The Krakow Philharmonic and the Krakow Opera continue to struggle with leadership problems – and, in the case of the opera, a bribery scandal.
The effect? Critics of the two situations say some productions have been of poor quality and there has been a decline in music lovers’ interest, artistic stagnation and a tense atmosphere. Philharmonic management contend that is an exaggeration of what’s happening at their institution.
For almost two years the philharmonic has had no director. Those involved in the cultural life of Krakow say it’s hard to believe that the officials who approve the selection of a director ? some from Malopolski Province and some from the Ministry of Culture – have been unable to find a suitable person for a city so culturally and artistically rich.
“When such an institution doesn’t have an efficient manager, it doesn’t have a strategy and a long-term plan of artistic development at the same time,” contended Malgorzata Pawlowska, a graduate of the Academy of Music in Krakow who now does research there.
“Both musicians and spectators suffer from this stagnation,” she said, and “we should remember that it has also a negative effect on Krakow’s artistic image.”
Director Anna Oberc resigned two years ago. Wojciech Marchwica was chosen to replace her, but the orchestra’s unions refused to accept him.
The second competition this summer erupted in scandal. The winner was Adam Klocek, a young, but already renowned, cellist and conductor. The orchestra’s musicians liked the choice.
Klocek, who had managed the Kalisz Philharmonic, declared his intention to revive Krakow’s orchestra.
Then public institutions and news organizations received an anonymous letter that accused Klocek of falsifying parts of his resume, especially his “artistic achievements.”
Klocek denied wrongdoing, but his explanations didn’t satisfy the Ministry of Culture. His selection was invalidated.

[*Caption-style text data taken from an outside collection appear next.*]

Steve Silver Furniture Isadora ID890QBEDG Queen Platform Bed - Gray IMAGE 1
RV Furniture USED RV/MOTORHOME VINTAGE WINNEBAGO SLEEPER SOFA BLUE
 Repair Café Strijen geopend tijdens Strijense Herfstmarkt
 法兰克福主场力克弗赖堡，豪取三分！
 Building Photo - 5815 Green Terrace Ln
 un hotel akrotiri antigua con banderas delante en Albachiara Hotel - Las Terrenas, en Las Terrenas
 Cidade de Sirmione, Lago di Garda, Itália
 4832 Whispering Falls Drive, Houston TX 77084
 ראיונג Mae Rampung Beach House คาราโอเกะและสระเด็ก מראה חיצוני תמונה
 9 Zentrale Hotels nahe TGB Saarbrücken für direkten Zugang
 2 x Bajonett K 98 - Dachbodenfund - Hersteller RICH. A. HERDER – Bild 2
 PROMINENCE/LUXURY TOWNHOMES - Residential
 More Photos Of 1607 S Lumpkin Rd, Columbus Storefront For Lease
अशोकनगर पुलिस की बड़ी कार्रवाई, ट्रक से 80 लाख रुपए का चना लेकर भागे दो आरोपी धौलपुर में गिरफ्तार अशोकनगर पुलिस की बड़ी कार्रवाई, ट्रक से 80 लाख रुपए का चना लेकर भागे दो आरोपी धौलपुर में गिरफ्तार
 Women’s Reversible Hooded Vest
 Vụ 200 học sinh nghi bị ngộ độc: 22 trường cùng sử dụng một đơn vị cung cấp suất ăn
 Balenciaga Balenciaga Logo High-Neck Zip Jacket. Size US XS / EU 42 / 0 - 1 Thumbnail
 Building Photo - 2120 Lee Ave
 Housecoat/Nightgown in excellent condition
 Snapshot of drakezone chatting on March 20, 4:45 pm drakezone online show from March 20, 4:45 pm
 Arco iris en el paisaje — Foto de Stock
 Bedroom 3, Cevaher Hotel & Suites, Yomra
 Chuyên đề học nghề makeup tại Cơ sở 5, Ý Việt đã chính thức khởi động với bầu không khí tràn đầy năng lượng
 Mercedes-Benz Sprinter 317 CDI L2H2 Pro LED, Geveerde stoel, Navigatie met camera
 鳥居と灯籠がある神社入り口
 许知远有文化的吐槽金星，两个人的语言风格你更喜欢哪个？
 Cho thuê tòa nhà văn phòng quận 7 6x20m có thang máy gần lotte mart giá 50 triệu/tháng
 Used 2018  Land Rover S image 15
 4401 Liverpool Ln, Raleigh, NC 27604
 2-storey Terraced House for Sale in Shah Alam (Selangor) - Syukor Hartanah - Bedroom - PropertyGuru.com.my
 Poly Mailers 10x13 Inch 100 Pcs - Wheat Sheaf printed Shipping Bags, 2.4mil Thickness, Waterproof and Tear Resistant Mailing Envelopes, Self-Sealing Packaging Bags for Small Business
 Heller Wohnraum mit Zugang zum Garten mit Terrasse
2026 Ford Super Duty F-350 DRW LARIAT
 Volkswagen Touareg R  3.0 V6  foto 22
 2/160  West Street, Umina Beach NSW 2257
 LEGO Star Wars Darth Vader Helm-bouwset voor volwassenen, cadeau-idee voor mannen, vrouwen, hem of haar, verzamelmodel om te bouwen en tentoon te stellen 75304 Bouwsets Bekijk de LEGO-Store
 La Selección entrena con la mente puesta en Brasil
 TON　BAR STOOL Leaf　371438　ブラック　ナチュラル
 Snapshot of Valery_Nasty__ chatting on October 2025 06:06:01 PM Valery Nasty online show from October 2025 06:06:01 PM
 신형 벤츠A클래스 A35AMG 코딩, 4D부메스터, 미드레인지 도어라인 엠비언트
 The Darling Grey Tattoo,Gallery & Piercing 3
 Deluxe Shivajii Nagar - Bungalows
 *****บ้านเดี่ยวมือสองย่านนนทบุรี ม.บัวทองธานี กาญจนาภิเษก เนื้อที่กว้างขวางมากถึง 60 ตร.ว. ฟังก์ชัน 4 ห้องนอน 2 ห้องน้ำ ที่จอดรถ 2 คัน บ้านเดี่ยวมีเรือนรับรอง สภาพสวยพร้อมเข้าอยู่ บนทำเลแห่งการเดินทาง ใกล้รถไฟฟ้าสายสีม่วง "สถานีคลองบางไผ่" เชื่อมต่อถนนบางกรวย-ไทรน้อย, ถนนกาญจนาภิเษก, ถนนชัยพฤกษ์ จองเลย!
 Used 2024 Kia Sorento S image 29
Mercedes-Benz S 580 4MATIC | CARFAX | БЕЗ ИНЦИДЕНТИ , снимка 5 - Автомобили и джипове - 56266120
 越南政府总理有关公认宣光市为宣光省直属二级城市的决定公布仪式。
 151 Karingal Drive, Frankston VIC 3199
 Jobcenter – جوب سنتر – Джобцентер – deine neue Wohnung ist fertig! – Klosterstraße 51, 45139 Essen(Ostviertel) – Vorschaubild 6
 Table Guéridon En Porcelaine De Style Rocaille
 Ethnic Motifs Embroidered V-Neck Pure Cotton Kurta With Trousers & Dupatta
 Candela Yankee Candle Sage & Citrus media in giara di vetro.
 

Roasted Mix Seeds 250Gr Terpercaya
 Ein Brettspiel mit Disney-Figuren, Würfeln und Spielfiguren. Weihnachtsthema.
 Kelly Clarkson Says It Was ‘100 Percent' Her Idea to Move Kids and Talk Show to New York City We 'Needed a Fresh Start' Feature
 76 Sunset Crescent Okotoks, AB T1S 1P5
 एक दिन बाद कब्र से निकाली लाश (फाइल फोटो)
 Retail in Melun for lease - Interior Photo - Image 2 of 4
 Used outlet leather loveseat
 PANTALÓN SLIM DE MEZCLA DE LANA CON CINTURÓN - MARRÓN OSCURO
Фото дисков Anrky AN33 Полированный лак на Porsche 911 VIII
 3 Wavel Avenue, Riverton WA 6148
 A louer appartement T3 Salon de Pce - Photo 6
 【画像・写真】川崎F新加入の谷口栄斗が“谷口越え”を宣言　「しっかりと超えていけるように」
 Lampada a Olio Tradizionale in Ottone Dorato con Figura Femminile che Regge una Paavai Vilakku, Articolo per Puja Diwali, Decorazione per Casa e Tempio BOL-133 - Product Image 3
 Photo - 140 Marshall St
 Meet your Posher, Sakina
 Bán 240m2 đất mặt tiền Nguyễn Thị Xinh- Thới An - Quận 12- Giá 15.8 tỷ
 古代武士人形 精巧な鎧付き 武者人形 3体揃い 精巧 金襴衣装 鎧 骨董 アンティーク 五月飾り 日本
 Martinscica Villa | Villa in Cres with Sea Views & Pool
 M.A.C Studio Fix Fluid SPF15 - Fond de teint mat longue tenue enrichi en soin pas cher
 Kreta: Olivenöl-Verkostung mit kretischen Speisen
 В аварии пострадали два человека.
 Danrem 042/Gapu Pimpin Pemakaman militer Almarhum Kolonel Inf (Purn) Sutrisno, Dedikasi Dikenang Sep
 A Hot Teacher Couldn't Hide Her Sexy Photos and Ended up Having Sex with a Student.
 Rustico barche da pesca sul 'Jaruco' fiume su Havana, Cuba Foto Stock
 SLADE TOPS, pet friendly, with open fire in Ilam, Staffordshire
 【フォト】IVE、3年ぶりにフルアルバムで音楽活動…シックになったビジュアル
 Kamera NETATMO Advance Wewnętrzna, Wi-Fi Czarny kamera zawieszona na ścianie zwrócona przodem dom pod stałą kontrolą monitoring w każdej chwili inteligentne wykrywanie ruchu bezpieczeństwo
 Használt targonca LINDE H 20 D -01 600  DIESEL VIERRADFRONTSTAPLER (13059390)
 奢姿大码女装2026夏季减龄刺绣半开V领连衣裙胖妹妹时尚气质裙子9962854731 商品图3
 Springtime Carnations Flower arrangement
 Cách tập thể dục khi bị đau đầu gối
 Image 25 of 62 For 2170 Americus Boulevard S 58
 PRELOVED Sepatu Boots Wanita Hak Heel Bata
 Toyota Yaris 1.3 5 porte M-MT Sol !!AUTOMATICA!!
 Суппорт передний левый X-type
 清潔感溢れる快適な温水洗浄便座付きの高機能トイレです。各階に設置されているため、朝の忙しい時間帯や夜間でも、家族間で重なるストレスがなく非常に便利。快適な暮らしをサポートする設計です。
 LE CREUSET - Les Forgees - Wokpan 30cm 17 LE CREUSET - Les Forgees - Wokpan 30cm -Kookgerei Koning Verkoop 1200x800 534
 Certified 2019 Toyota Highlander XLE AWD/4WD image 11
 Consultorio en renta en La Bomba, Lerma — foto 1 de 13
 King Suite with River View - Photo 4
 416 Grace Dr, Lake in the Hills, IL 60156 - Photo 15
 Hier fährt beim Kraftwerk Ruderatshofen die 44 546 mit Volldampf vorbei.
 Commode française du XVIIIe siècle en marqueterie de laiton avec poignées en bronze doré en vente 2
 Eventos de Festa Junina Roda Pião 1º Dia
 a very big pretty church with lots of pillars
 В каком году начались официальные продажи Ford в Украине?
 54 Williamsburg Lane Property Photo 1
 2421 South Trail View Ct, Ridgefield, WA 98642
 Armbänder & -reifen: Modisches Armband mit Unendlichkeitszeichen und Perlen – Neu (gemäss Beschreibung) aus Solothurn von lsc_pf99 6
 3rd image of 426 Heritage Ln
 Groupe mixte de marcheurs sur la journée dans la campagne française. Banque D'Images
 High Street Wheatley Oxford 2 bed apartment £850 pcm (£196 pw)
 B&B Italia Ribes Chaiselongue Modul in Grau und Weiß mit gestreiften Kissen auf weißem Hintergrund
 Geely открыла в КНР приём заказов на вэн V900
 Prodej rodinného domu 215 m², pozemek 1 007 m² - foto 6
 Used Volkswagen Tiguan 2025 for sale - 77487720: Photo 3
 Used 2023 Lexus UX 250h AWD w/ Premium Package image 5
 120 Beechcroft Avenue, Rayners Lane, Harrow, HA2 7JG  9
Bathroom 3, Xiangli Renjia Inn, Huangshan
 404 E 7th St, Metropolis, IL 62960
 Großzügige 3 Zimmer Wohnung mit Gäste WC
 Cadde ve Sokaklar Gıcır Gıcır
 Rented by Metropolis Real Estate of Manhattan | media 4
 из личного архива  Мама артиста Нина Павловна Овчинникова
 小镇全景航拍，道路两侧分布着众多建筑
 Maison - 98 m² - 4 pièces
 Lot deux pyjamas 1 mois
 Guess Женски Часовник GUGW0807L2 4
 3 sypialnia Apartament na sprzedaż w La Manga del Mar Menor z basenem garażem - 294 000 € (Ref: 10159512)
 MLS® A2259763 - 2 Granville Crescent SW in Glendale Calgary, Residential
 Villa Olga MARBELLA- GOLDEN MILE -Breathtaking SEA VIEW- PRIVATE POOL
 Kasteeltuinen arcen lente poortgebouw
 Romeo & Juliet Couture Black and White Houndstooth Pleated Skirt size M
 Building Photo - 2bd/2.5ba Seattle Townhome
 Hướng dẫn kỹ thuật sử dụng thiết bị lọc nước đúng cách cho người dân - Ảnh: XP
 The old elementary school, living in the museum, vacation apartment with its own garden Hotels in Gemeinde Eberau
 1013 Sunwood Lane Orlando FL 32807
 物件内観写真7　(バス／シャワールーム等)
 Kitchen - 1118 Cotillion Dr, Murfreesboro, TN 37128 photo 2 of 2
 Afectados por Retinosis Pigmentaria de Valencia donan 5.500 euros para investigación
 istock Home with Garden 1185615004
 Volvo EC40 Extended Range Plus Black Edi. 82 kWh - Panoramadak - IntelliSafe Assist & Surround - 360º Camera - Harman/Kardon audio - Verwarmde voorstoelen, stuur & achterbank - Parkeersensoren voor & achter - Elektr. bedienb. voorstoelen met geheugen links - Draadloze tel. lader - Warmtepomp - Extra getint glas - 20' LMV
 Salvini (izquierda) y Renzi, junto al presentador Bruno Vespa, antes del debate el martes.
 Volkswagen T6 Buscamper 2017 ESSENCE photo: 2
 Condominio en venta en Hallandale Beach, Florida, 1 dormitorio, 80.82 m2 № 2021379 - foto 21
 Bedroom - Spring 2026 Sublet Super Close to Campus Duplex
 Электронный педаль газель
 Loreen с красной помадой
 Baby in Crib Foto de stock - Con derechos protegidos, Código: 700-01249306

The governor of Malopolskie Province is spearheading a search for another candidate. He or she will be chosen in an open competition before the end of the year, officials say. The deadline for applications is November 23.
If the open competition fails to produce a suitable candidate, the Ministry of Culture is expected to allow a director to be named without an open competition.
The men who are running the philharmonic in the absence of a director, Jacek Berwaldt and Artistic Director and First Conductor Jan Krenz, say things are just fine at the orchestra.
“This problem is exaggerated,” Berwaldt said. “The institution is active and it is functioning well. Our concerts attract a wide public. And a new director will not perform any miracles at this institution.”
Some musicians see the problem in a different light. “I think the musicians of the Krakow Philharmonic simply deserve a good full-time manager – a manager who will be able to create a comfortable atmosphere and provide the artistic and financial security the musicians need,” said Malwina Lipiec, a harpist from Krakow now working as a soloist in the Wroclaw Philharmonic.
“A stable situation in the philharmonic is a basic condition of its smooth functioning,” Lipiec said. “And of course a new director should make a great effort to promote the orchestra in Poland and abroad, following the example of other musical institutions across Poland.”
Critics say lack of a director has prevented the philharmonic’s repertoire from being modernized. The longer that situation continues, the more frustrated the musicians get, insiders say.
The Krakow Opera has had the same leadership gap that the philharmonic has had, plus a corruption scandal to deal with.
Recently the national government’s Central Anti-Corruption Bureau accused the opera director of bribery in the building of a new opera house, the construction on which started in September 2004. He denies the allegation, saying his arrest was political.
Marek Nawara, the governor of Malopolskie Province, fired him September 25, but Nawara said he made the decision before the scandal surfaced. The main reason for the dismissal was the low artistic level of the opera’s performances and unskillful management, Nawara said. He appointed Boguslaw Nowak as the new director.
The architect who won the competition to build the new facility has pleaded guilty in the case. He was accused of taking a 1-mln-zloty bribe.
Prosecutors arrested the two on grounds that they took bribes to ensure that the construction contract went to the consortium of companies that offered the bribes. The consortium has been cooperating with the anti-corruption bureau since the bureau got wind of possible bribery.
Many hope the new director, Nowak, will be able to deal with what critics say is the institution’s declining reputation. There are many issues that must be addressed, both in terms of organization and art.
Critics said the last few performances were poor and featured outdated staging.
Nowak will also be responsible for overseeing the completion of the new opera house ? which is over budget and will not be finished by the end of this year, as scheduled.
Despite the delays, opera officials say they expect performances in the artistic season of 2008-09 to be in the new facility. Currently the performances are being held in the Slowacki Theater.